Bruno Mattei (1931-2007) è stato l’ultimo artigiano del cinema italiano. Girava film a qualunque costo, nonostante la crisi del genere e i conseguenti mutamenti del mercato. È stato esempio di un cinema resistenziale e certamente trash, di sicuro unico per la passione e la caparbietà con cui è riuscito a superare il giro di boa del 2000. Bruno Mattei – L’ultimo artigiano, edito da Il Foglio Letterario, è dedicato alla figura di questo cineasta assolutamente al di fuori di qualsiasi definizione precostituita. Ne abbiamo parlato con Gordiano Lupi, autore del volume scritto insieme ad Ivo Gazzarrini.
Bruno Mattei – L’ultimo artigiano focalizza l’attenzione su un cineasta che non ha voluto accettare la fine della gloriosa stagione del cinema di genere, continuando a muoversi in quei territori. Parliamo di questo suo aspetto resistenziale…
G.L. Mattei è l’ultimo artigiano, lo è stato fino alla fine, girando film di zombi scritti dall’amico Antonio Tentori, addirittura prison movie e women in prison, ambientati nelle Filippoine (tra l’altro niente male come cinema di genere). È stato uno coerente, fedele sino alla fine ad una personale idea di cinema che non doveva avere alcuna complicazione intellettuale o di messaggio. Genere per il genere. Mattei mi ricorda i comunisti duri e puri, quelli che – qualunque cosa accada – alzano il pugno e cantano Bandiera Rossa. È una battuta, ma rende bene l’idea. A me stanno simpatici, eh? Non è dispregiativo.
Qual era la formazione di Mattei? In che modo questa l’ha supportato in una carriera dove il budget risicato e i tempi di lavorazione stretti erano all’ordine del giorno?
G.L. Mattei era un tecnico, proveniva dal montaggio, prima sceneggiatore, quindi regista, affina una tecnica discreta che gli permette di risparmiare sui costi di produzione e sui tempi, di fare cinema di pura imitazione e di genere in pochi giorni, cavalcando ogni moda, fossero tonaca movie o erotici puri, ma anche western crudi e violenti e nazi-erotici.
Dal vostro saggio emerge la figura di un uomo colto, dalla personalità affascinante e dai molti interessi…
G.L. Mattei era interessato a fare cinema. A lui non importava che fosse considerato cinema di serie B. Il mondo del cinema, invece, non l’ha mai riconosciuto né amato. solo per questo meritava un libro che lo ricordasse in eterno. La Garzantina Cinema non ne cita neppure l’esistenza. Vergogna.

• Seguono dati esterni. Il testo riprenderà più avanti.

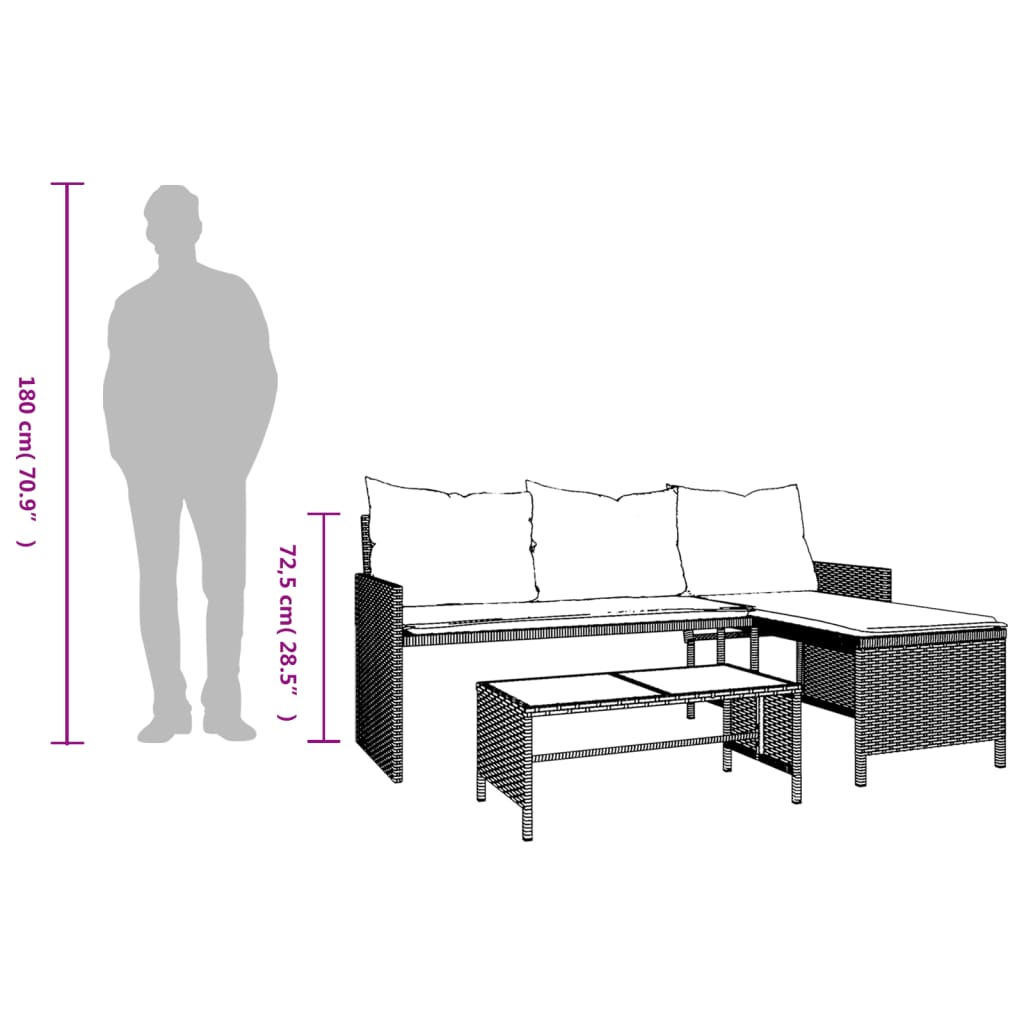 Trädgårdssoffa Med Bord Och Dynor L-Formad Svart Konstrotting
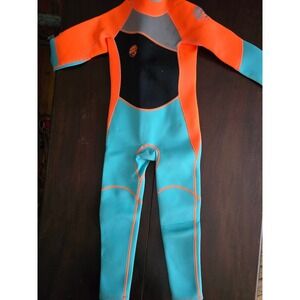 Scuba Donkey Kids Wetsuit Size 6 Orange Teal Full Body Neoprene Diving Suit NEW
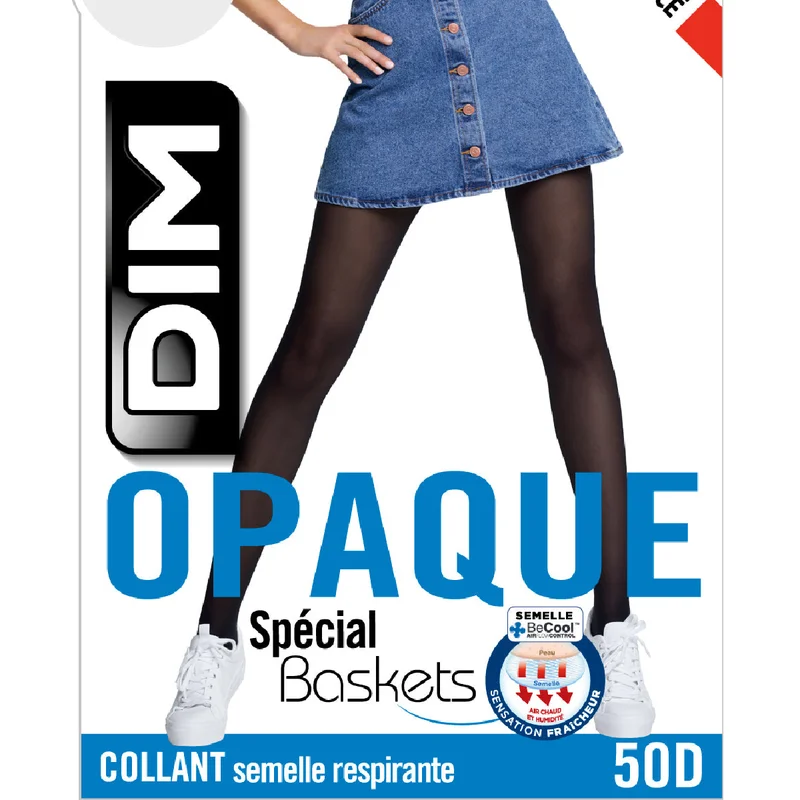 Fluweelzachte ondoorzichtige zwarte panty\'s voor sneakers 50D
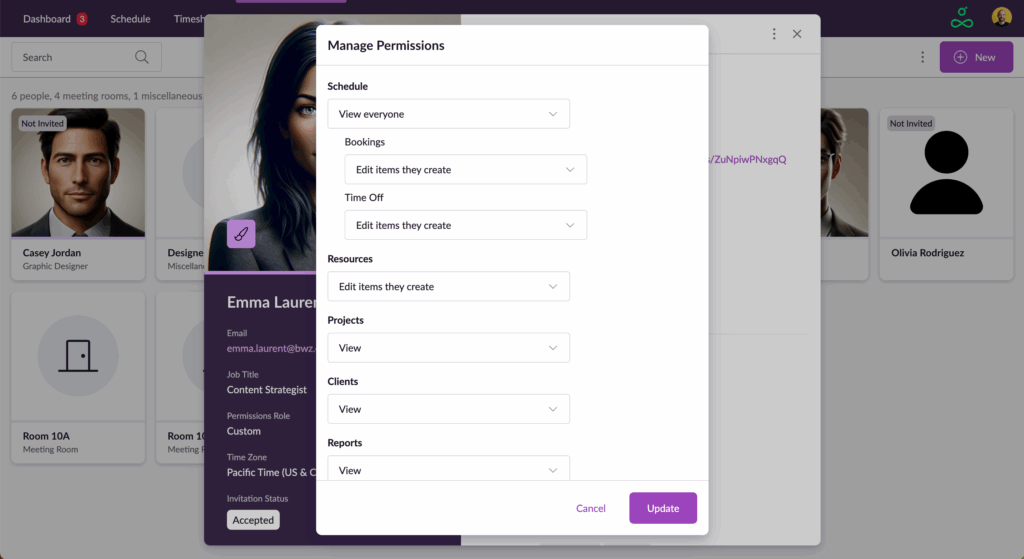 User managing custom permissions for scheduling, projects, and reports in Resource Guru.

Appuntamento a Trieste poteva essere l’ingresso di Mattei nella produzione di serie A, cosa non ha funzionato con questo sceneggiato?
G.L. In realtà si è trattato di un buon film televisivo, una delle rare volte in cui Mattei si è trovato a lavorare con un budget adeguato. Si tratta di uno sceneggiato ispirato al romanzo di Scerbanenco. Mattei è costretto a correre pure per la televisione, forse lo chiamano esattamente per questo motivo. Il progetto iniziale prevedeva 16 settimane di lavorazione, ma le tempistiche non vennero rispettate. Dunque, il nostro si trova davanti a un prendere o lasciare. Non può lasciare, ha necessità di lavorare. Una sua dichiarazione al riguardo: “Alla Rai sono dei pazzi: comprano i diritti ma non leggono i libri… Il film era tutta un’altra cosa rispetto al romanzo di Scerbanenco. Ma ormai avevo ereditato il pacchetto pronto e l’ho dovuto girare come l’avevano scritto”.
I sottogeneri frequentati da Mattei coprono l’intero scibile del cinema bis, dov’è che ha dato il meglio?
G.L. Nel western. Ha girato due titolo che sono davvero interessanti. Ma anche alcuni horror non sono male, se accettiamo il trash come nota caratteristica del suo stile.
La rimozione sistematica dei suoi film è un aspetto insopportabile dello snobismo della critica italiana. Come ti spieghi questo atteggiamento?
G.L. Normale. La critica cinematografica italiana rimuove persino Pupi Avati. Vuoi che non rimuova Mattei?